- EXERCISE DESCRIPTION
Going through the material below, output exactly the lines from the one containing "adding grated cheeses" through the one containing "Hundreds of people sitting and standing", and no pictures.

- DATASET EXTRACT
= = =

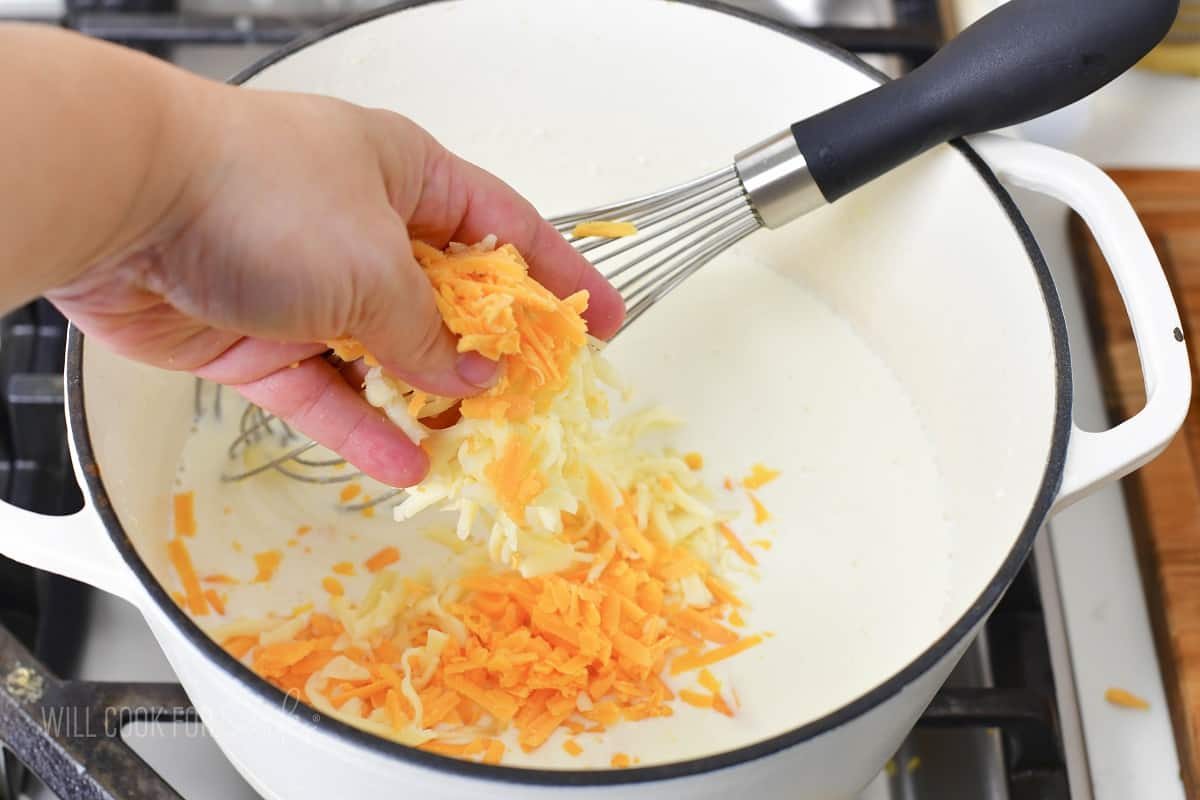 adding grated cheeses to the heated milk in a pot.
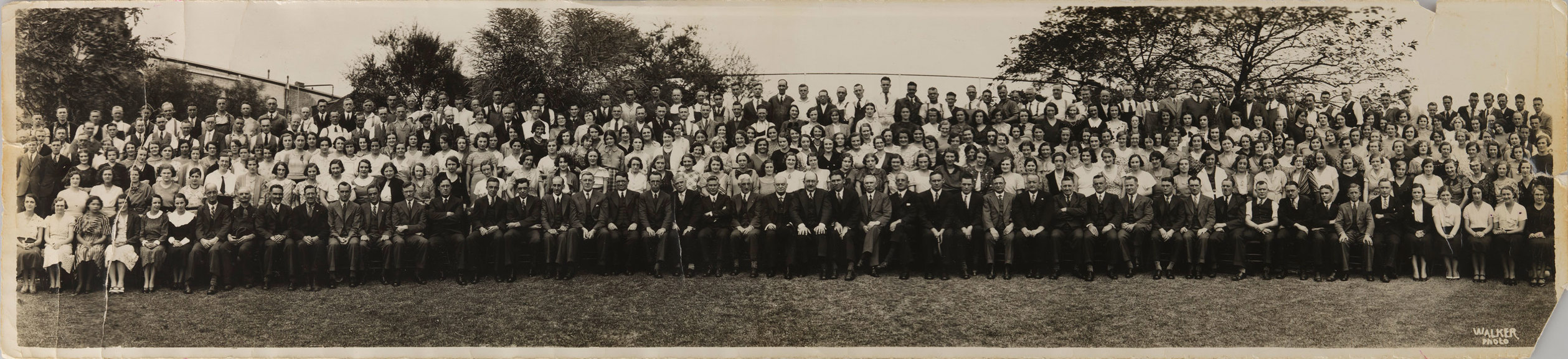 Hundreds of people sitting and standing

= = =

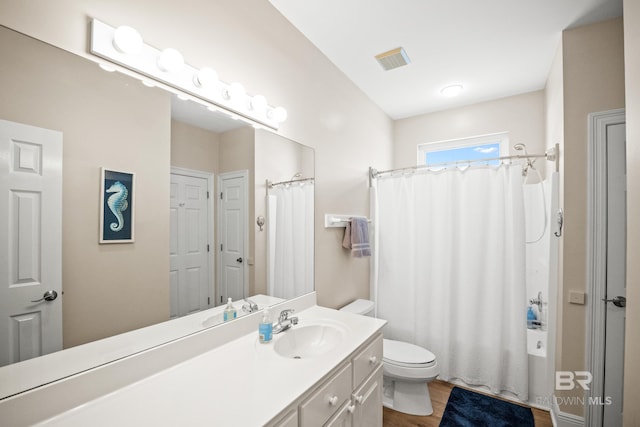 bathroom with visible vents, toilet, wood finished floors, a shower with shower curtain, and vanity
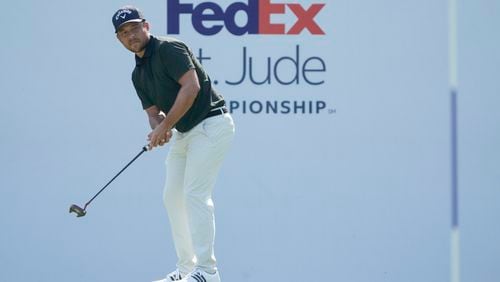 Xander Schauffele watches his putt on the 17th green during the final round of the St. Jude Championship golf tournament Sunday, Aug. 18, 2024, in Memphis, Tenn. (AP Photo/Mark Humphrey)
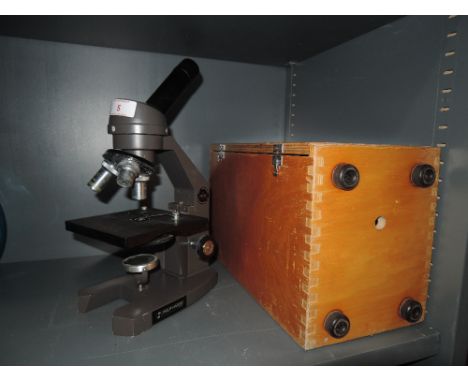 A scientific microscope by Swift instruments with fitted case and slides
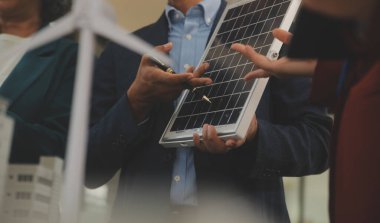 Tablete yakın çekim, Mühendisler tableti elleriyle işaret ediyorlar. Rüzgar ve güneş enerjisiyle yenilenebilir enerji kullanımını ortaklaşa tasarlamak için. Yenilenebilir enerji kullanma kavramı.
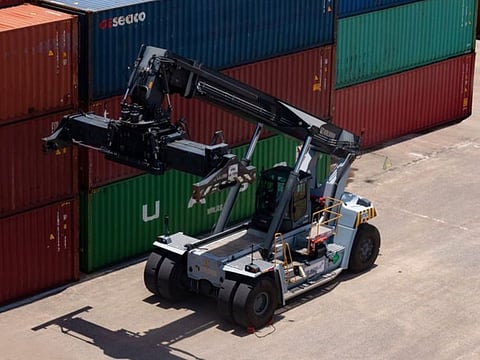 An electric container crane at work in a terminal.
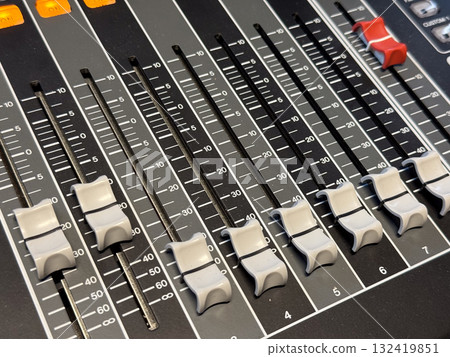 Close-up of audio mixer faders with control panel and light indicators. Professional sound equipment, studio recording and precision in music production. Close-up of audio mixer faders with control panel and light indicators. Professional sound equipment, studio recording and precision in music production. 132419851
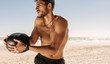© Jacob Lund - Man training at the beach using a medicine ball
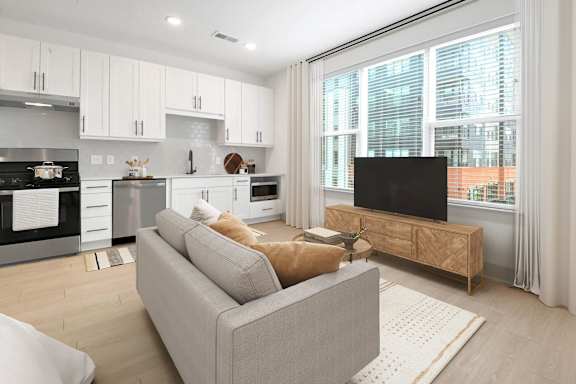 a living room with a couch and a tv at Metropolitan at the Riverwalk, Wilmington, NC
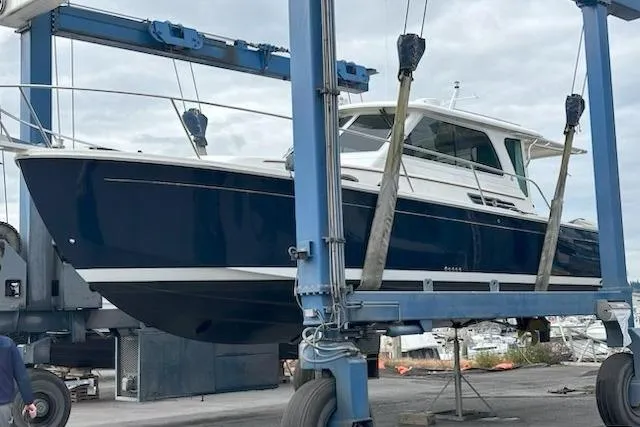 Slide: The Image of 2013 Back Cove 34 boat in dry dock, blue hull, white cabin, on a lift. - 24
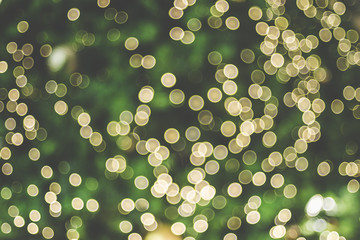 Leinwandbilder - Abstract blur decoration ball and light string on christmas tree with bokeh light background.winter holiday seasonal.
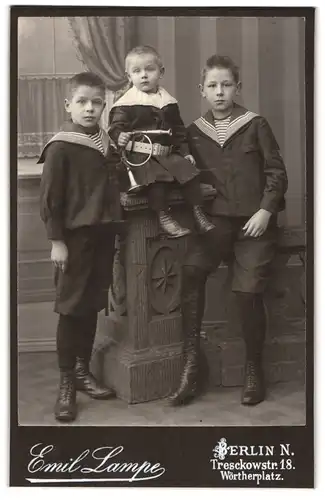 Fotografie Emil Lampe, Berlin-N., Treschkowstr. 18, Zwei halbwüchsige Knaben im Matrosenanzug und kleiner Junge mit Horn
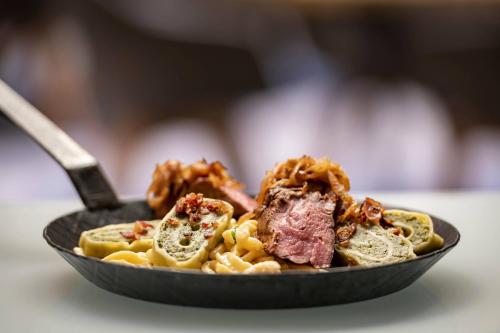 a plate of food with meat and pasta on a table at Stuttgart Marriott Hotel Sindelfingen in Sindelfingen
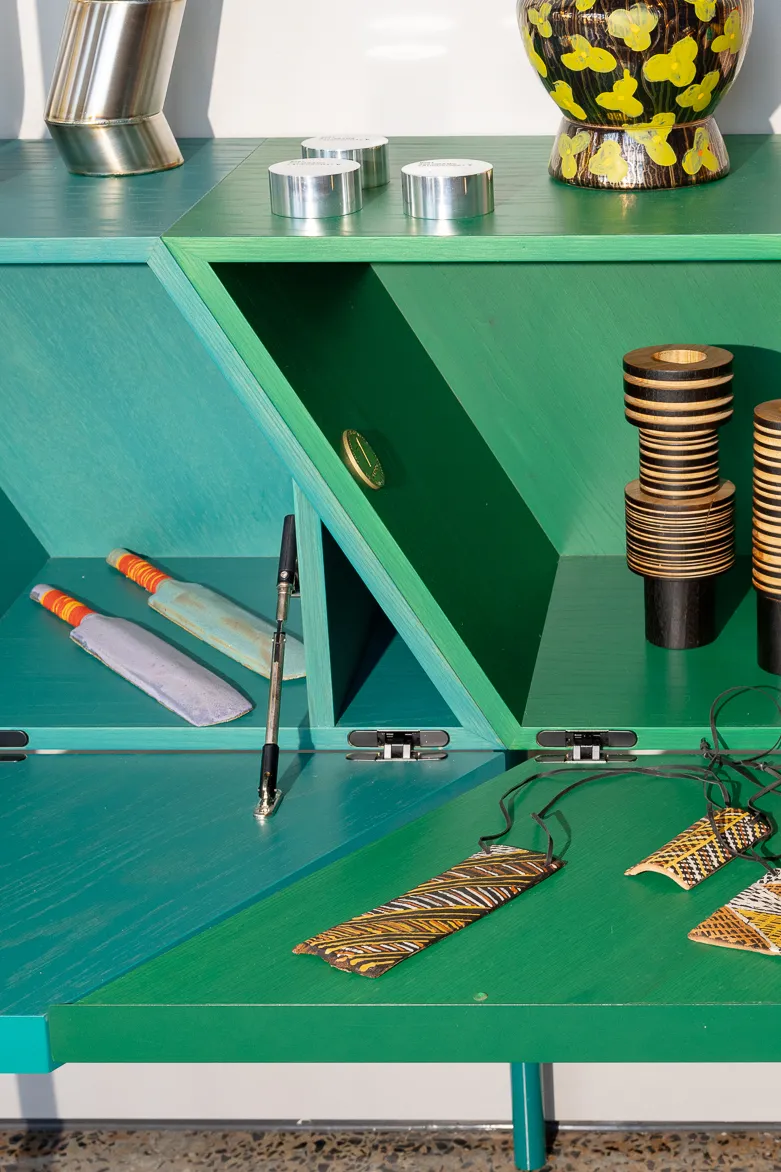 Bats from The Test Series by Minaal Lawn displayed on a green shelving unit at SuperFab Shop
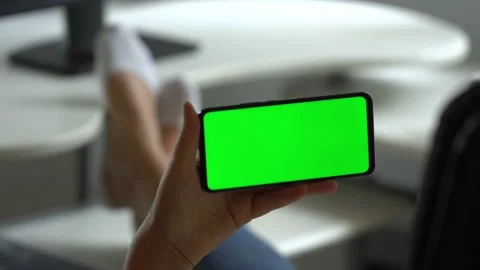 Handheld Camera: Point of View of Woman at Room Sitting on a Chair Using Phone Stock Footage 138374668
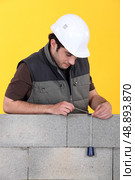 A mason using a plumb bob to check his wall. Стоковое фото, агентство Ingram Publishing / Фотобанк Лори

= = =

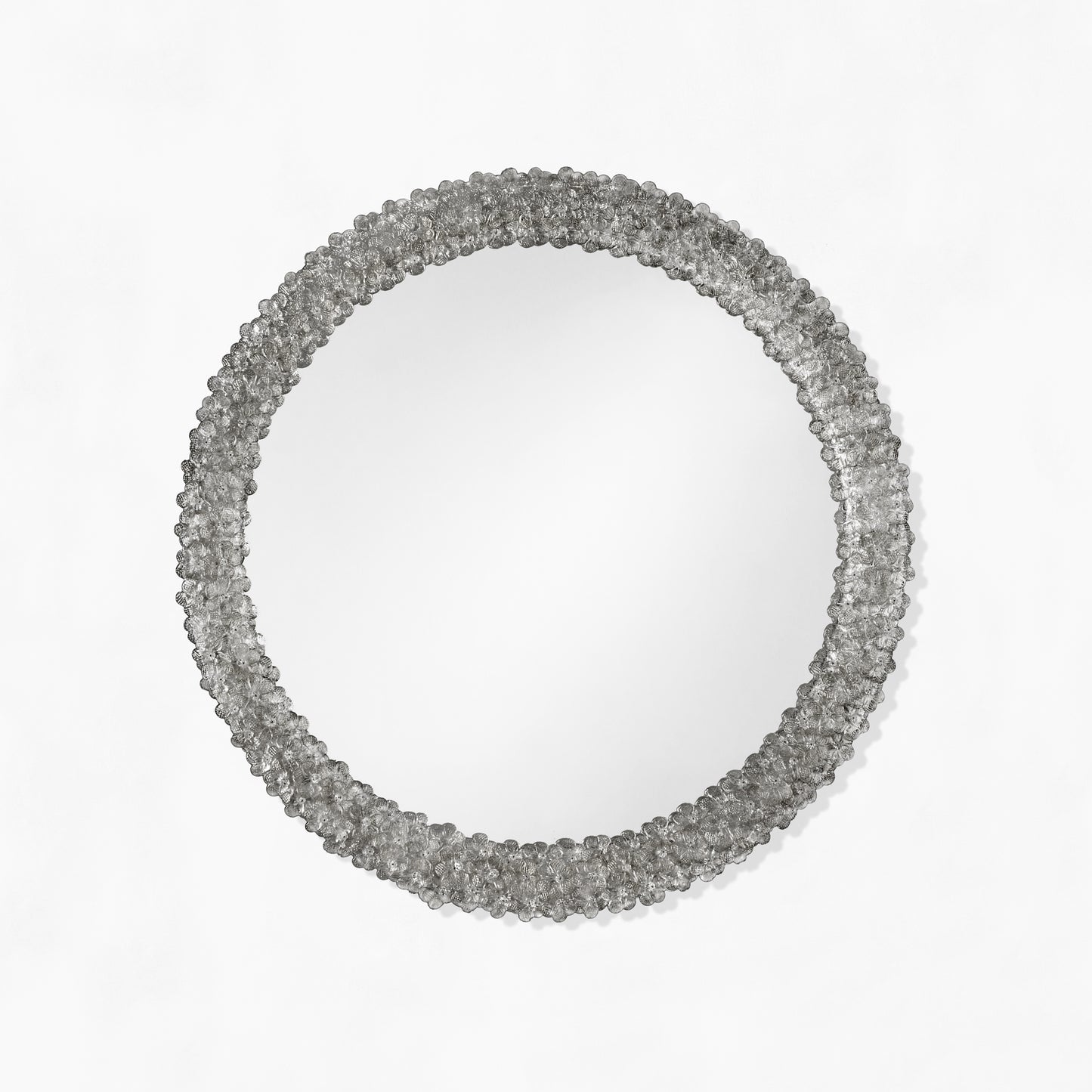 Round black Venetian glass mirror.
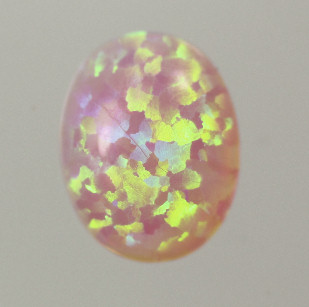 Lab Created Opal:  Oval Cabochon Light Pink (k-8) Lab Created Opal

= = =

- YOUR SOLUTION
 adding grated cheeses to the heated milk in a pot.
 Hundreds of people sitting and standing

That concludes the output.